(SUPPLIED MATERIAL Opens)
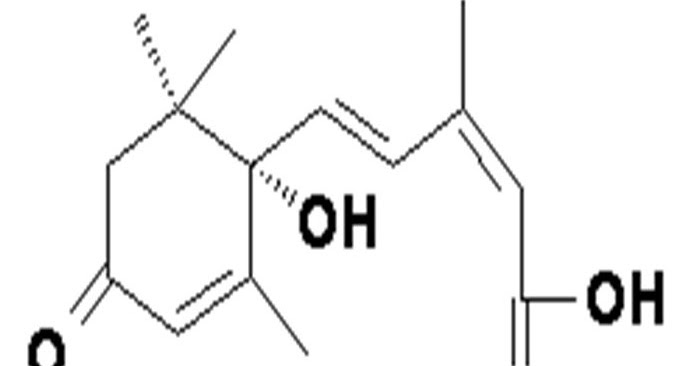 Agrihortieducation.com: Abscisic Acid (ABA)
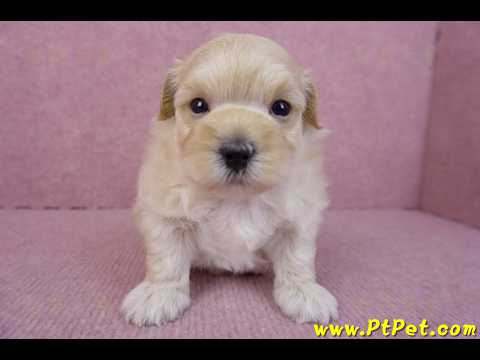 11/23馬爾泰迪公幼犬2號(高雄左營)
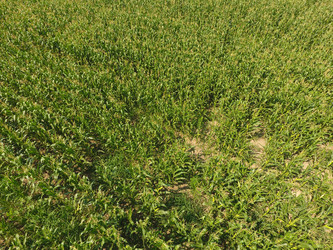 Similar image 17283402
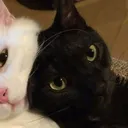 mrmikzz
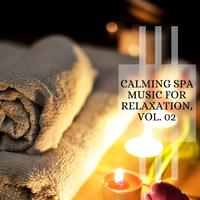 Calming Spa Music For Relaxation, Vol. 02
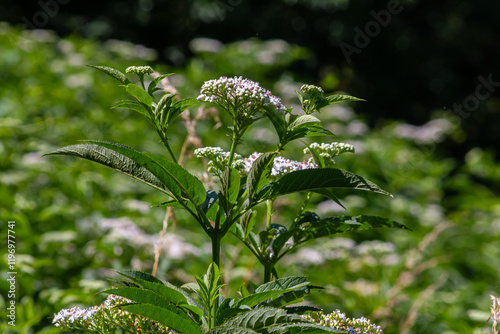 Sambucus ebulus blooming in natural habitat photo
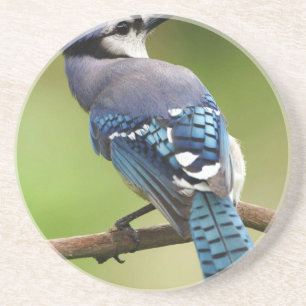 Blaues Jay, das an Sie Freundfamilien-Mammavati Getränkeuntersetzer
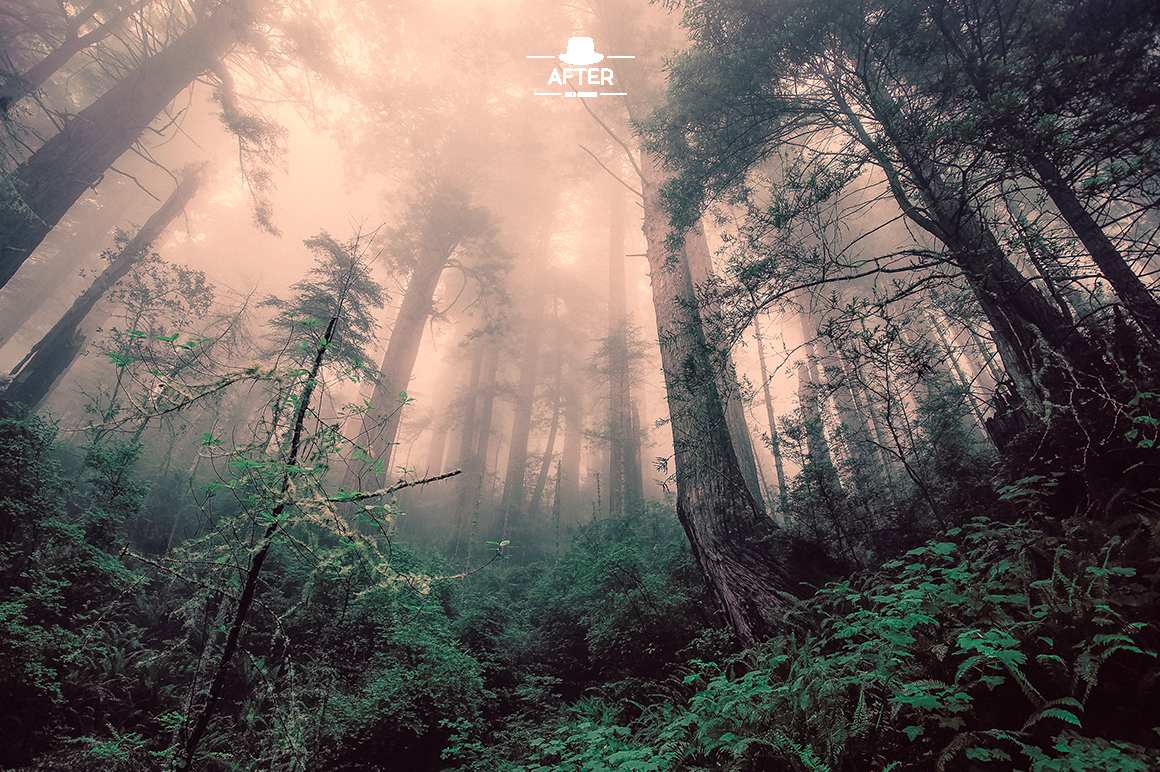 Dreamy Lightroom Presets Dreamy Lightroom Presets
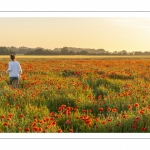 Pendé, champ de coquelicots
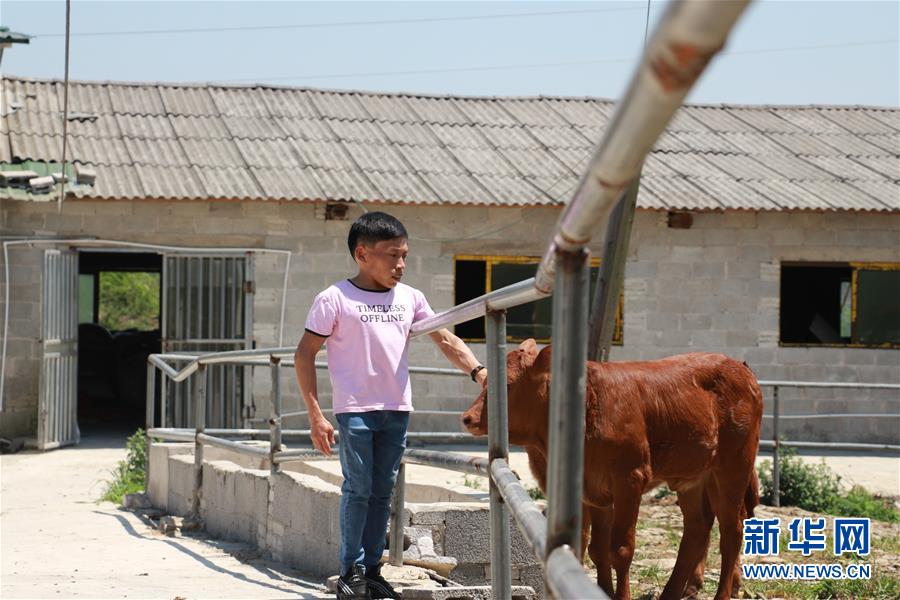 （新華全媒頭條&middot;圖文互動）（8）刺梨花開滿山紅&mdash;&mdash;記在貴州脫貧攻堅(jiān)一線奮斗的殘疾人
(SUPPLIED MATERIAL Closes)
The reply has to reproduce every line above verbatim and contain no pictures.

ANSWER TO THIS PROBLEM:
 Agrihortieducation.com: Abscisic Acid (ABA)
 11/23馬爾泰迪公幼犬2號(高雄左營)
 Similar image 17283402
 mrmikzz
 Calming Spa Music For Relaxation, Vol. 02
 Sambucus ebulus blooming in natural habitat photo
 Blaues Jay, das an Sie Freundfamilien-Mammavati Getränkeuntersetzer
 Dreamy Lightroom Presets Dreamy Lightroom Presets
 Pendé, champ de coquelicots
 （新華全媒頭條&middot;圖文互動）（8）刺梨花開滿山紅&mdash;&mdash;記在貴州脫貧攻堅(jiān)一線奮斗的殘疾人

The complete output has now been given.